### Directions
Retype word for word the first line of the listing and each line after it up to the line with "Sharp MD-MT821-S Portable", with the pictures taken out.

━━━━━━━━━━

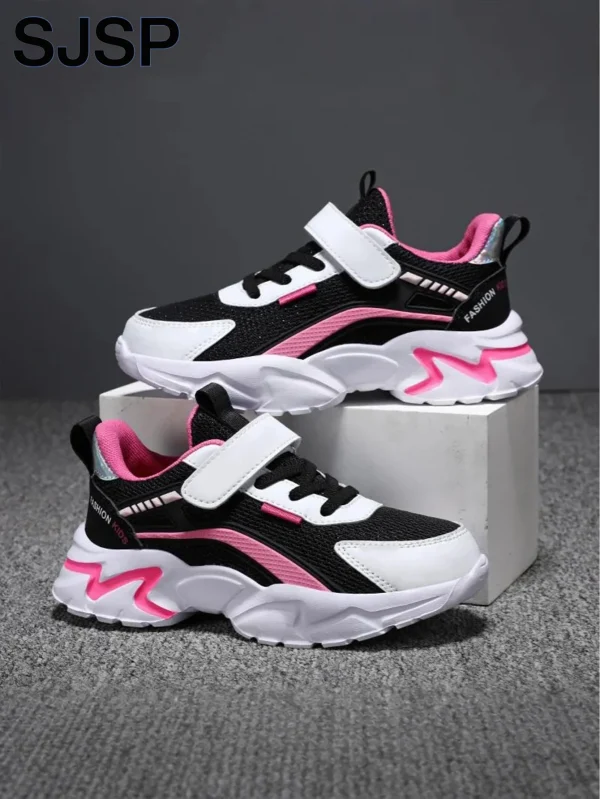 Children's Casual Pink Girls' Mesh Breathable Shoes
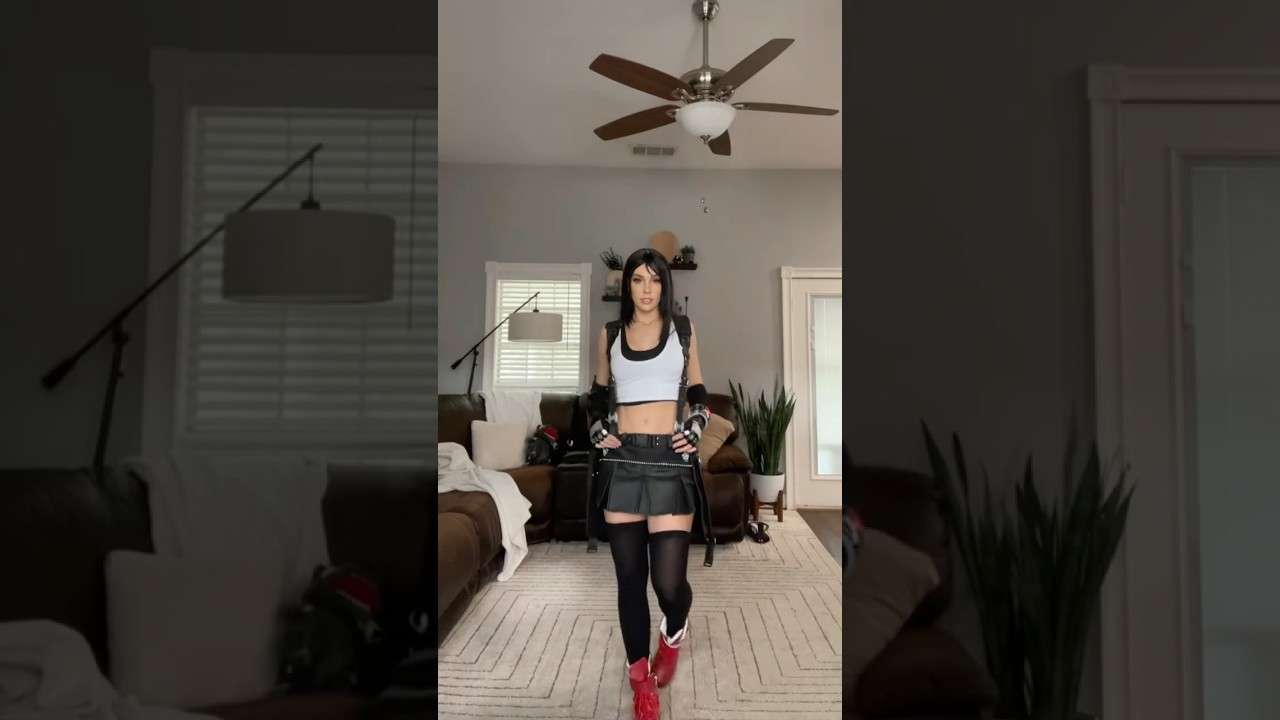 I spent so many of my adult dollars on this! #tifalockhartcosplay #tifacosplay #finalfantasy7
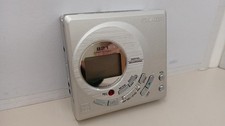 Sharp MD-MT821-S Portable MD Recorder Player Silver No MDLP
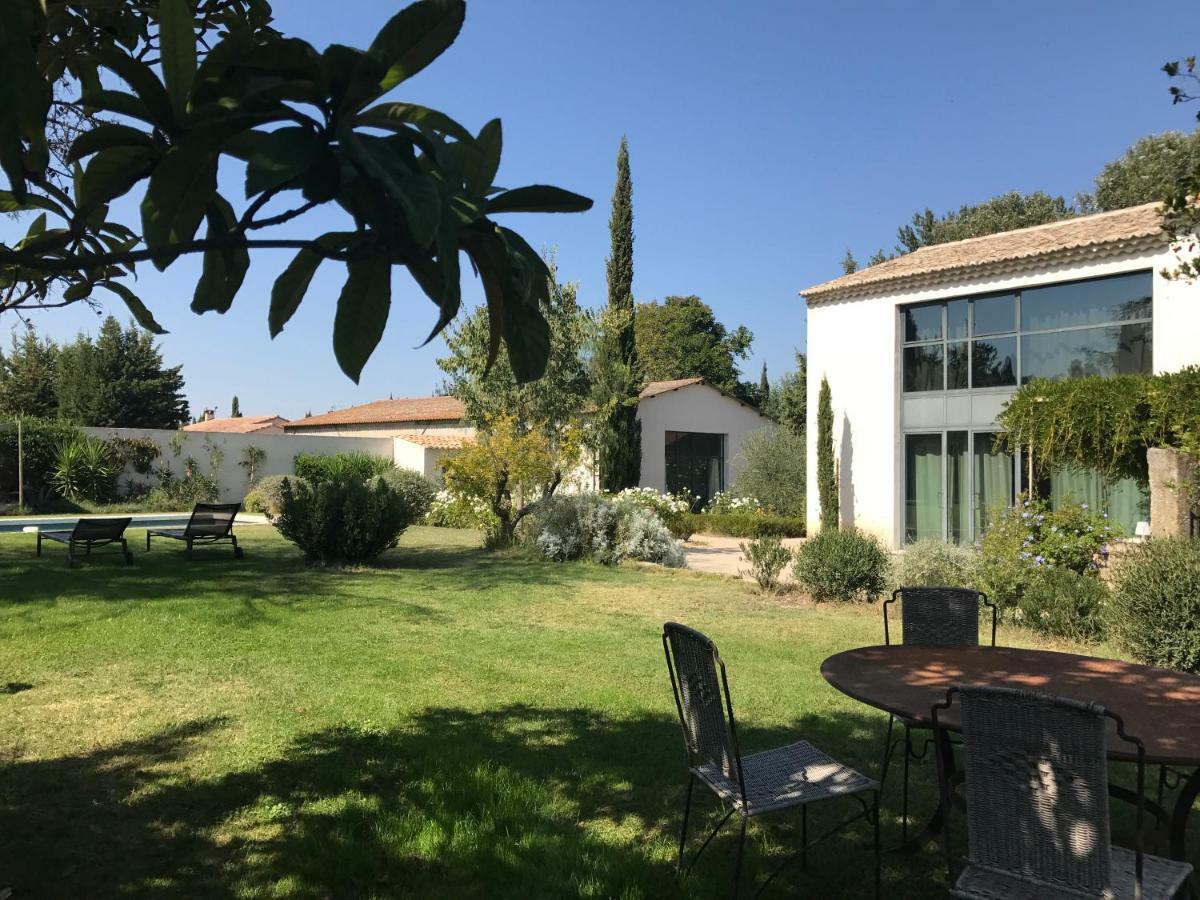 B&B Mas De Caustes Saint-Rémy-de-Provence Dış mekan fotoğraf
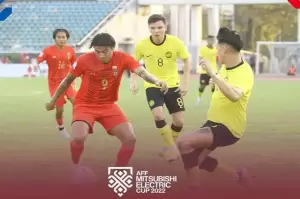 Hasil Piala AFF 2022: Bekuk Myanmar, Malaysia Kunci Posisi Pertama di Grup B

━━━━━━━━━━

### Result of the task
 Children's Casual Pink Girls' Mesh Breathable Shoes
 I spent so many of my adult dollars on this! #tifalockhartcosplay #tifacosplay #finalfantasy7
 Sharp MD-MT821-S Portable MD Recorder Player Silver No MDLP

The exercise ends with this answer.